We loop through each part-of-speech tagged sentence in `pos_tagged_text` and noun phrase chunk each sentence using RegexpParser‘s `.parse()` method, and append the result to `np_chunked_text`.

Within the same loop, we verb phrase chunk each part-of-speech tagged sentence using RegexpParser‘s `.parse()` method, and append the result to `vp_chunked_text`.

In [4]:
# define noun phrase chunk grammar
np_chunk_grammar = 'NP: {<DT>?<JJ>*<NN>}'

# create noun phrase RegexpParser object
np_chunk_parser = RegexpParser(np_chunk_grammar)

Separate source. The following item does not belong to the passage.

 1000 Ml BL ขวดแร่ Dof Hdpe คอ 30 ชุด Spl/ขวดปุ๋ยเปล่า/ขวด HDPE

# define verb phrase chunk grammar
vp_chunk_grammar = 'VP: {<DT>?<JJ>*<NN><VB.*><RB.?>?}'

# create verb phrase RegexpParser object
vp_chunk_parser = RegexpParser(vp_chunk_grammar)

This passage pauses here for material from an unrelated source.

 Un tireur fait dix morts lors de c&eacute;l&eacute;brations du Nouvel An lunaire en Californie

# create a list to hold noun phrase chunked sentences and a list to hold verb phrase chunked sentences
np_chunked_text = list()
vp_chunked_text = list()


# create a for loop through each pos-tagged sentence
for sentence in pos_tagged_text:
  # chunk each sentence and append to lists here
  np_chunked_text.append(np_chunk_parser.parse(sentence))
  vp_chunked_text.append(vp_chunk_parser.parse(sentence))

## Step 4. Analyze Chunks

Now that we have chunked the novel, we can analyze the chunk frequencies to gain insights!

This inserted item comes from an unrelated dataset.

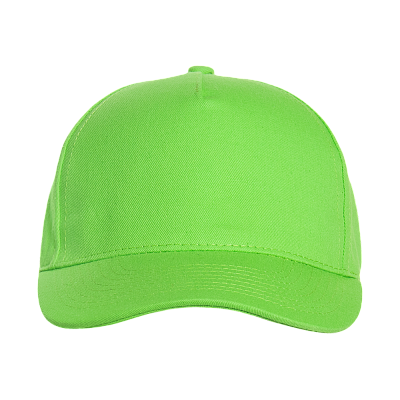 Бейсболка STAN 5 клиньев хлопок 150, 10L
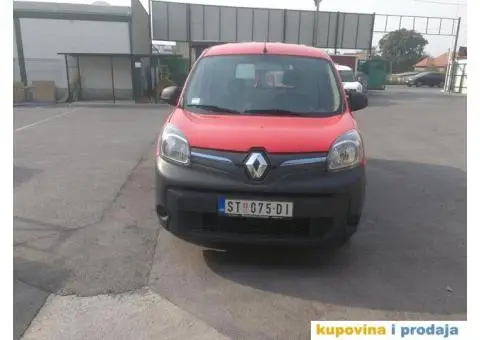 Renault Kangoo na Električni Pogon - Cena Predjenog Kilometra je 50 para! – 2015.godište - 1/5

We need to use a function `np_chunk_counter()` that returns the 30 most common NP-chunks from a list of chunked sentences. 

Let's call `np_chunk_counter()` with `np_chunked_text` as an argument.

Let's also use `vp_chunk_counter()` that returns the 30 most common VP-chunks from a list of chunked sentences.

In [5]:
# store and print the most common NP-chunks
most_common_np_chunks = np_chunk_counter(np_chunked_text)
print(most_common_np_chunks)

[((('i', 'NN'),), 907), ((('\\', 'JJ'), ('\\', 'NN')), 787), ((('\\', 'NN'),), 333), ((('lord', 'NN'),), 184), ((('henry', 'NN'),), 180), ((('life', 'NN'),), 156), ((('harry', 'NN'),), 137), ((('something', 'NN'),), 117), ((('dorian', 'JJ'), ('gray', 'NN')), 117), ((('the\\', 'NN'),), 94), ((('he\\', 'NN'),), 88), ((('nothing', 'NN'),), 86), ((('basil', 'NN'),), 80), ((('anything', 'NN'),), 65), ((('the', 'DT'), ('world', 'NN')), 62), ((('hallward', 'NN'),), 61), ((('everything', 'NN'),), 60), ((('i\\', 'NN'),), 56), ((('the', 'DT'), ('man', 'NN')), 54), ((('love', 'NN'),), 53), ((('art', 'NN'),), 52), ((('the', 'DT'), ('room', 'NN')), 50), ((('dorian', 'NN'),), 50), ((('face', 'NN'),), 46), ((('course', 'NN'),), 46), ((('it\\', 'NN'),), 46), ((('the', 'DT'), ('door', 'NN')), 46), ((('and\\', 'NN'),), 46), ((('that\\', 'NN'),), 45), ((('round', 'NN'),), 42)]


In [6]:
# store and print the most common VP-chunks
most_common_vp_chunks = vp_chunk_counter(vp_chunked_text)
print(most_common_vp_chunks)

[((('i', 'NN'), ('am', 'VBP')), 97), ((('i', 'NN'), ('was', 'VBD')), 37), ((('i', 'NN'), ('want', 'VBP')), 33), ((('i', 'NN'), ('know', 'VBP')), 32), ((('i', 'NN'), ('have', 'VBP')), 30), ((('i', 'NN'), ('had', 'VBD')), 28), ((('i', 'NN'), ('suppose', 'VBP')), 17), ((('i', 'NN'), ('think', 'VBP')), 14), ((('i', 'NN'), ('do', 'VBP'), ("n't", 'RB')), 13), ((('he\\', 'NN'), ('had', 'VBD')), 13), ((('henry', 'NN'), ('had', 'VBD')), 12), ((('i', 'NN'), ('am', 'VBP'), ('not', 'RB')), 12), ((('\\', 'NN'), ('\\', 'VBZ')), 12), ((('i', 'NN'), ('am', 'VBP'), ('so', 'RB')), 11), ((('it\\', 'NN'), ('was', 'VBD')), 11), ((('i', 'NN'), ('believe', 'VBP')), 10), ((('dorian', 'JJ'), ('gray', 'NN'), ('was', 'VBD')), 10), ((('i', 'NN'), ('met', 'VBD')), 9), ((('i', 'NN'), ('thought', 'VBD')), 9), ((('i', 'NN'), ('did', 'VBD'), ("n't", 'RB')), 8), ((('i', 'NN'), ('am', 'VBP'), ('quite', 'RB')), 8), ((('i', 'NN'), ('said', 'VBD')), 8), ((('life', 'NN'), ('has', 'VBZ')), 8), ((('i', 'NN'), ('see', 'VBP')),

Looking at `most_common_np_chunks`, we can identify characters of importance in the text such as `henry`, `harry`, `dorian gray`, and `basil`, based on their frequency. Additionally another noun phrase `the picture` appears to be very relevant.

Looking at `most_common_vp_chunks`, some interesting findings appear. The verb phrases `i want`, `i know` and `i have` occur frequently, indicating a theme of desire and need.